Simon’ın gereksiz bu halleri insanı çileden çıkaracak cinstendi. Kendisi tutturmuş çocuk istemiyorum varisim olmayacak. Çocuğumuz olmazsa ayrı yaşarız. Çocuğumuz eğer olursa da size bakarım o kadar. Ama her şey biter diyip diyip durdu. Ben ve Daphne onu o kadar sevmişken bize yaptığına bakın. Neyseeee o salaklığını geç de olsa gördü. Bebişleri oldu vs vs.


Asıl olay bizim tatlı Pen’imizin Lady Whistledown çıkmasıydı. Aslında eminim ki hepimizin aklından geçti bu ihtimal ama sonradan unuttuk. Ya sen şuncacık boyunla ne işlere karışmışsın be Penelope. Zaten kıyamam Colin’e deli gibi aşık. Çocuğun onu gördüğü yok. Çok üzüldüm minnoş kızıla.

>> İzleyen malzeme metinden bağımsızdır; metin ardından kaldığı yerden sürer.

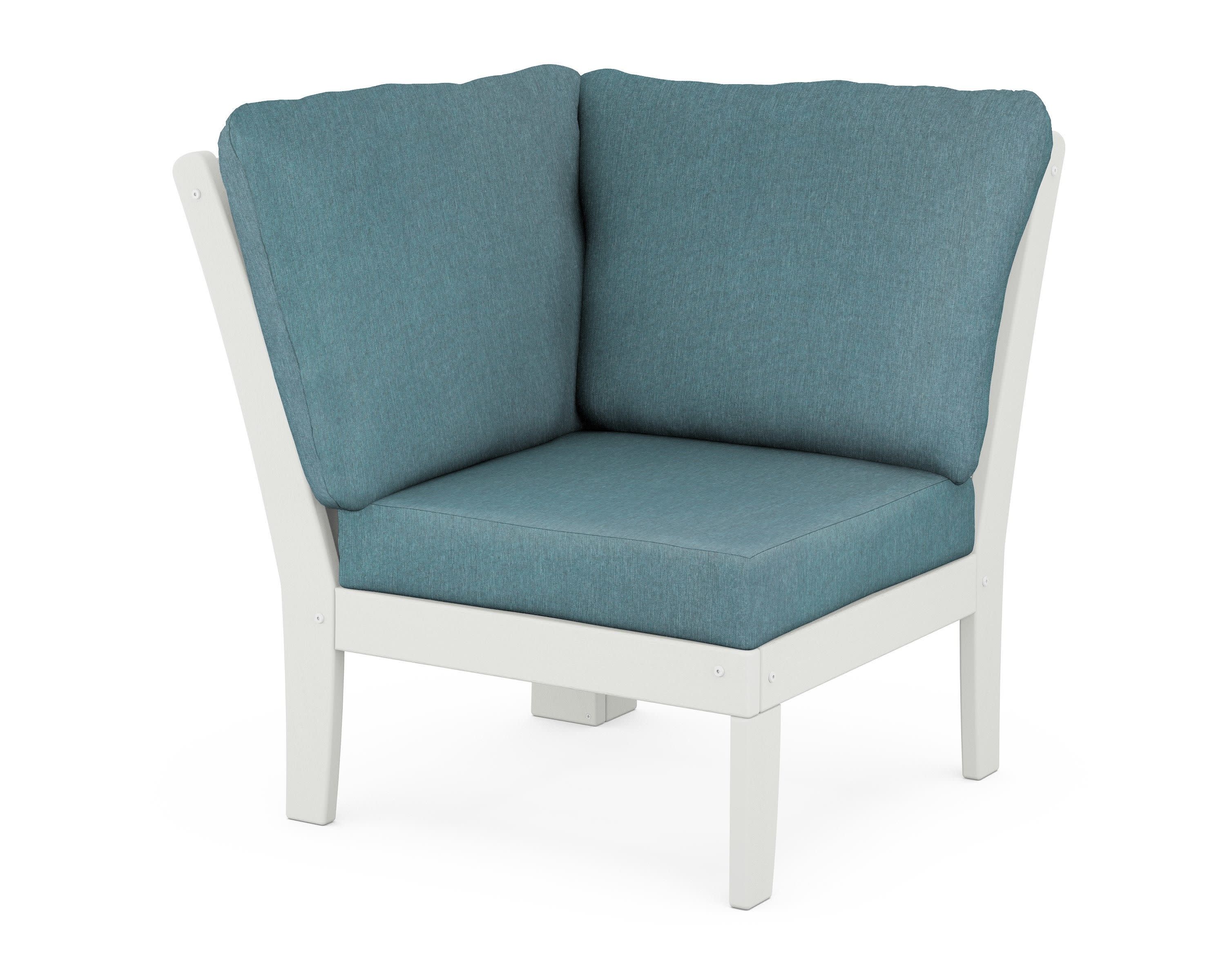Braxton Modular Corner Chair in Vintage White / Ocean Teal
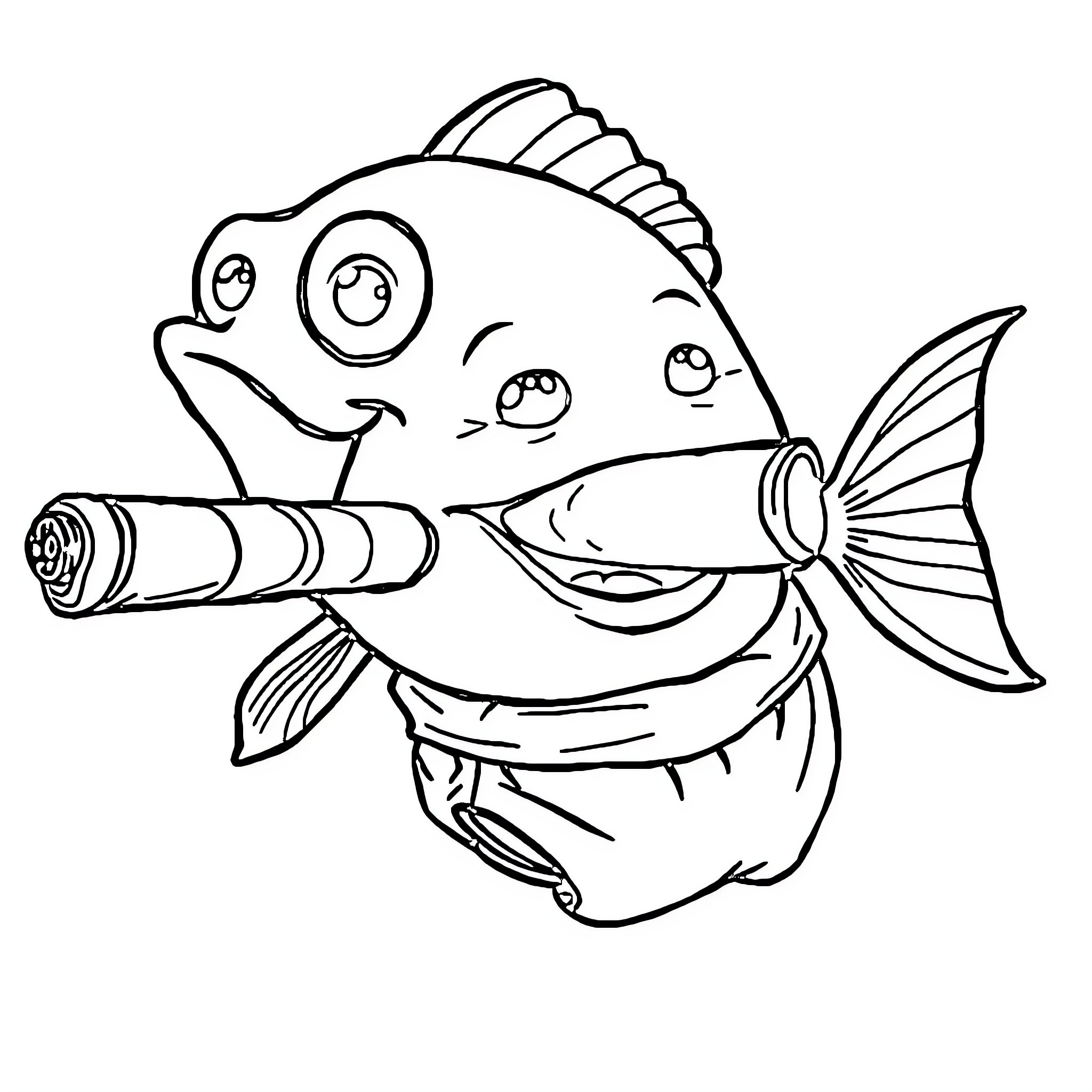 Fish playing with pipe in a playful scene Coloring Page (free black-and-white line drawing printable PDF for all, from beginners to advanced learners, including children, teens, adults, and seniors)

Ama Eloise matbaa’nın önünde hani Whistledown’u korudu ya orada terziyi göstermeyince bi şüphelendim. Bir şey var bu işin içinde dedim ve evet doğruymuş. Garibim en yakın arkadaşını araştırıyor haberi yok. 




 

Dizi öyleee wooow süprizli bitmedi. Güzel tatlı tek seferde izlemelik bir tarihi romantik komedi dizisiydi.

 

Bu sefer biraz farklı bir anlatım sergiledim. Alışkın değilim böyle yazmaya. Siz olayı bilmiyormuşsunuz gibi aktarmak pek içime sinmedi. Bi daha olmasın J



 



NOT: Bu ailenin kıyafet seçimleri beni ve gözlerimi çok yordu.